The copy should run from the line containing "For the Z-order" through the last line of the entries below, exactly as written, with pictures omitted.
=== Data to examine ===
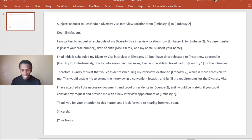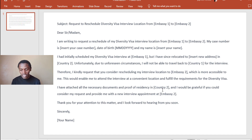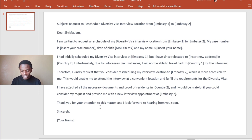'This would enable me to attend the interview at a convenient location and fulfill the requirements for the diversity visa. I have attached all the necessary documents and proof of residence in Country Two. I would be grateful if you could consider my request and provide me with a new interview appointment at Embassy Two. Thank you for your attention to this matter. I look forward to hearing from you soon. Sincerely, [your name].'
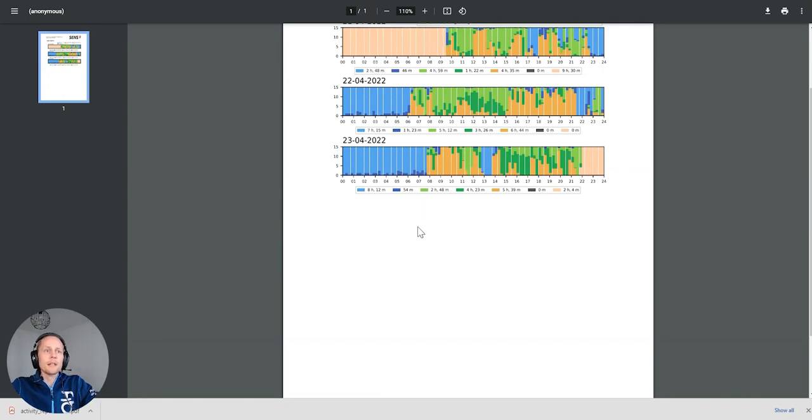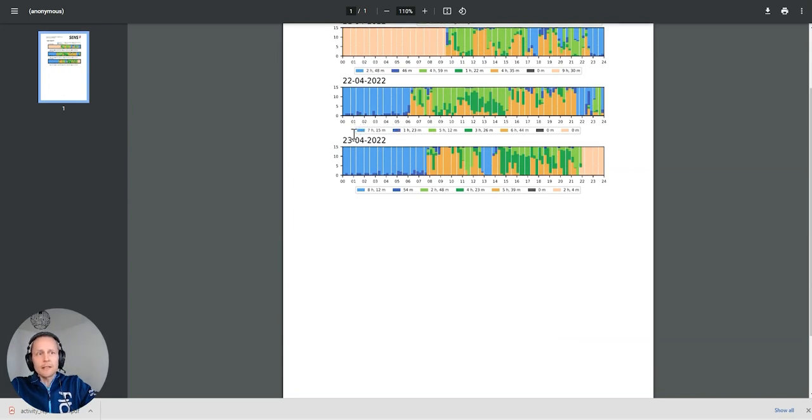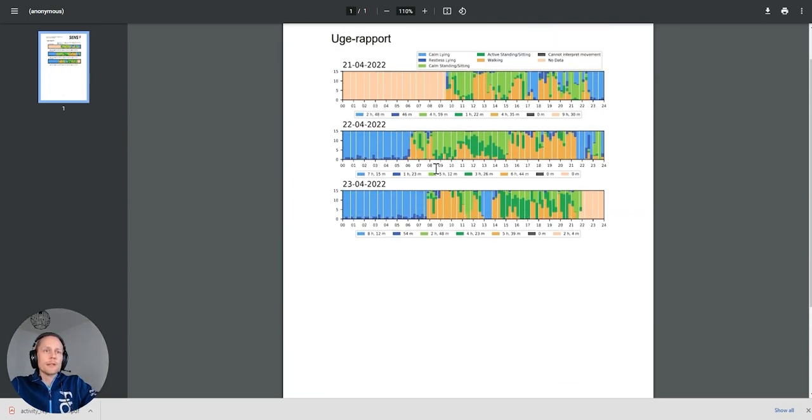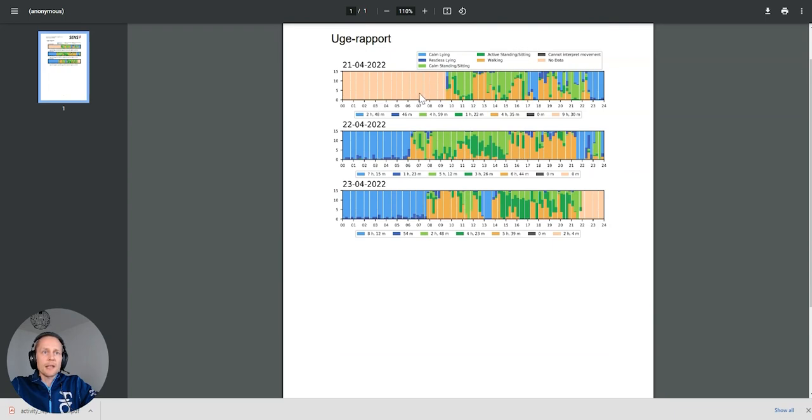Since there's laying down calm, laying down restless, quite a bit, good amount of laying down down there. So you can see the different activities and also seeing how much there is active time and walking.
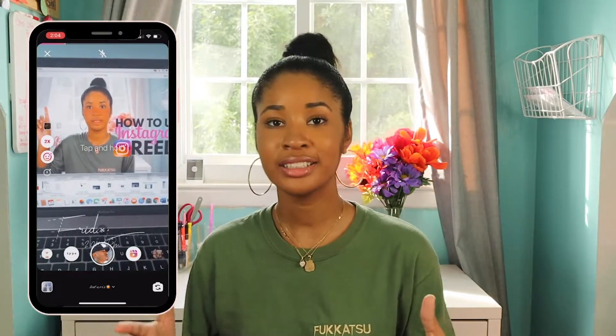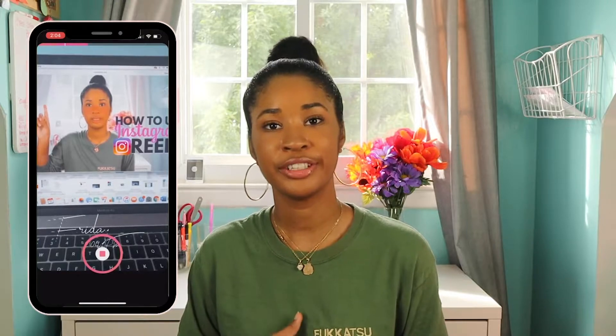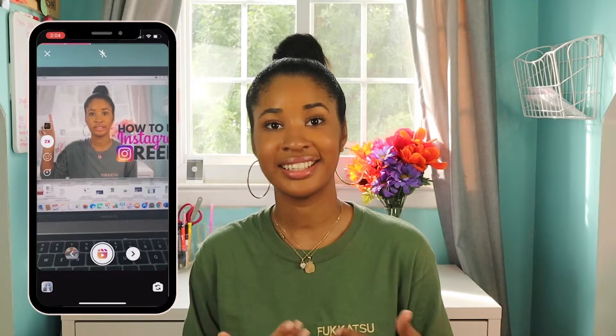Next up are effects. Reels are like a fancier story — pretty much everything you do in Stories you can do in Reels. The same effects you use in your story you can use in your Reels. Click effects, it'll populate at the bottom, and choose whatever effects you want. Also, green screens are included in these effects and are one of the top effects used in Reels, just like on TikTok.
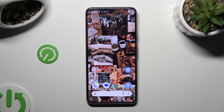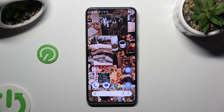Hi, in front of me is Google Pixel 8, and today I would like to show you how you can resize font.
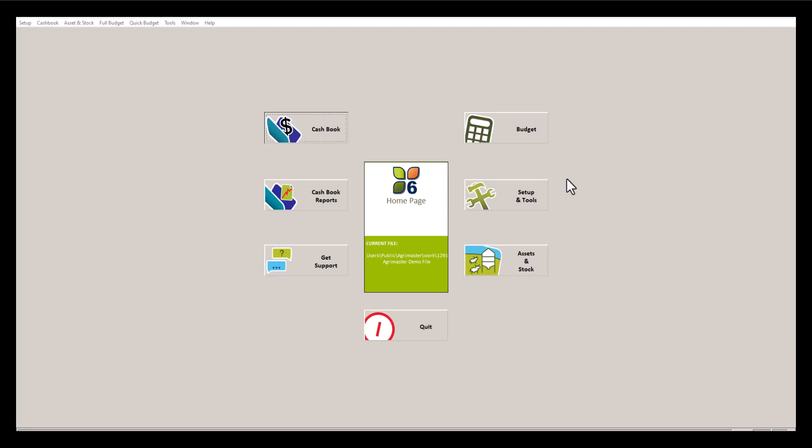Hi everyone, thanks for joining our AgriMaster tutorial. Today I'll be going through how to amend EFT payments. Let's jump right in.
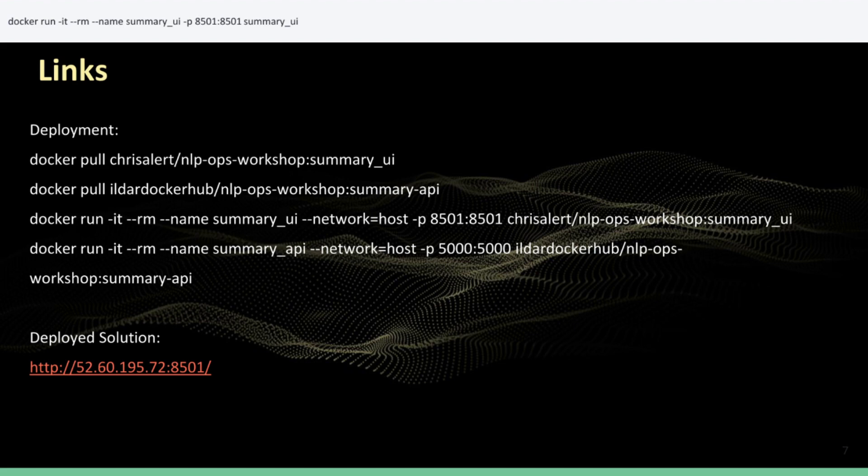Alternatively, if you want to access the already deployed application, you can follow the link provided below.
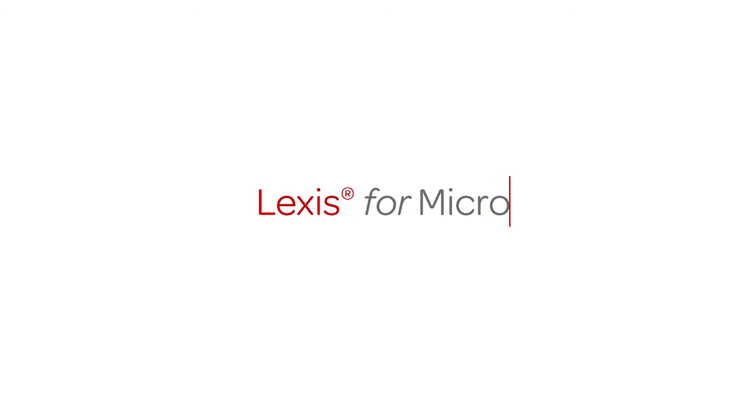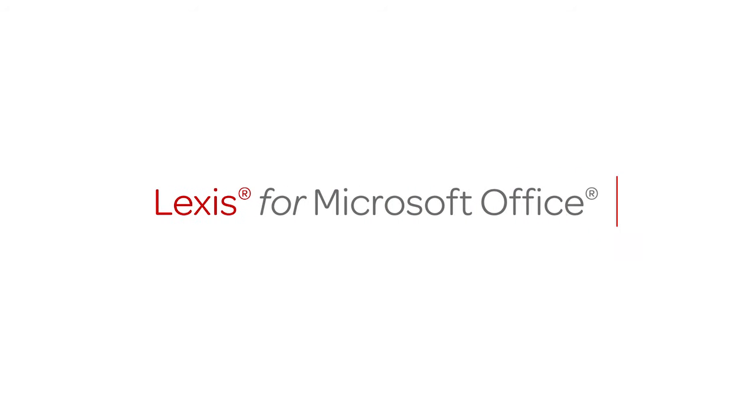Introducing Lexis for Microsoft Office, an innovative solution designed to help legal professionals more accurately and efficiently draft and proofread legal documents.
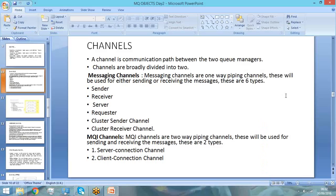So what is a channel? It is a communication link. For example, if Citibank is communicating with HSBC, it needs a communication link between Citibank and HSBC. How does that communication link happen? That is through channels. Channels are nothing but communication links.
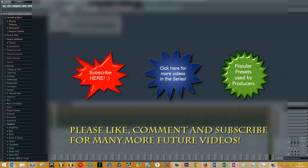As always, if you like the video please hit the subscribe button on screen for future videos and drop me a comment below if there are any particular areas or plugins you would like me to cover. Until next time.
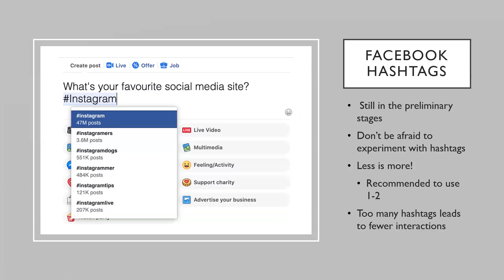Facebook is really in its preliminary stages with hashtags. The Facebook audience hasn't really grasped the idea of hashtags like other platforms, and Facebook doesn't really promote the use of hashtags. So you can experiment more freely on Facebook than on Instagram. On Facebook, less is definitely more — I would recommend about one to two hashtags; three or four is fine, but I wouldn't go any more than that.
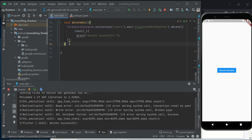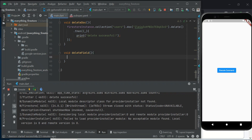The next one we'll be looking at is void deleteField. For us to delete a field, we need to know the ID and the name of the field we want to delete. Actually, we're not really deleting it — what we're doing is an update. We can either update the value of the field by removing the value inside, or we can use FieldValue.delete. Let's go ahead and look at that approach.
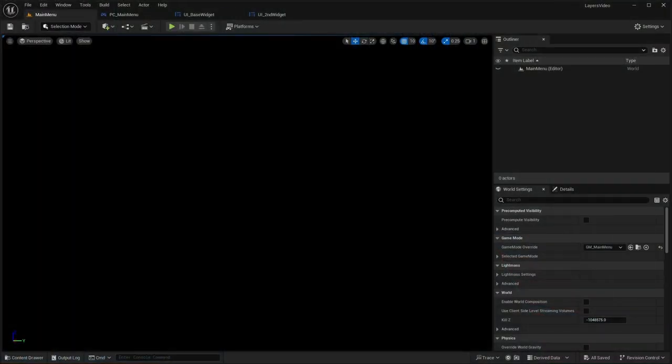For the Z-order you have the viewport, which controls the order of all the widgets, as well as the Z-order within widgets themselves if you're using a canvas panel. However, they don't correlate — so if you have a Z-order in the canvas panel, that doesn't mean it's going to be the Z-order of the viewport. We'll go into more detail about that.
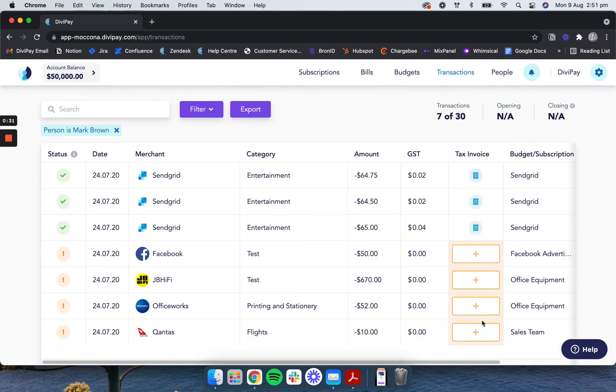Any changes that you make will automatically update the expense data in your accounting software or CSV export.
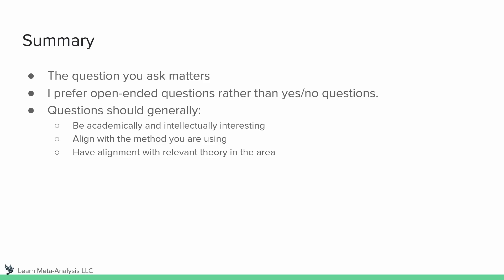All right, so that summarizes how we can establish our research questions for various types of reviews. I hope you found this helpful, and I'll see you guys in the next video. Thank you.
===
## Finished exercise
For the Z-order you have the viewport, which controls the order of all the widgets, as well as the Z-order within widgets themselves if you're using a canvas panel. However, they don't correlate — so if you have a Z-order in the canvas panel, that doesn't mean it's going to be the Z-order of the viewport. We'll go into more detail about that.
Any changes that you make will automatically update the expense data in your accounting software or CSV export.
All right, so that summarizes how we can establish our research questions for various types of reviews. I hope you found this helpful, and I'll see you guys in the next video. Thank you.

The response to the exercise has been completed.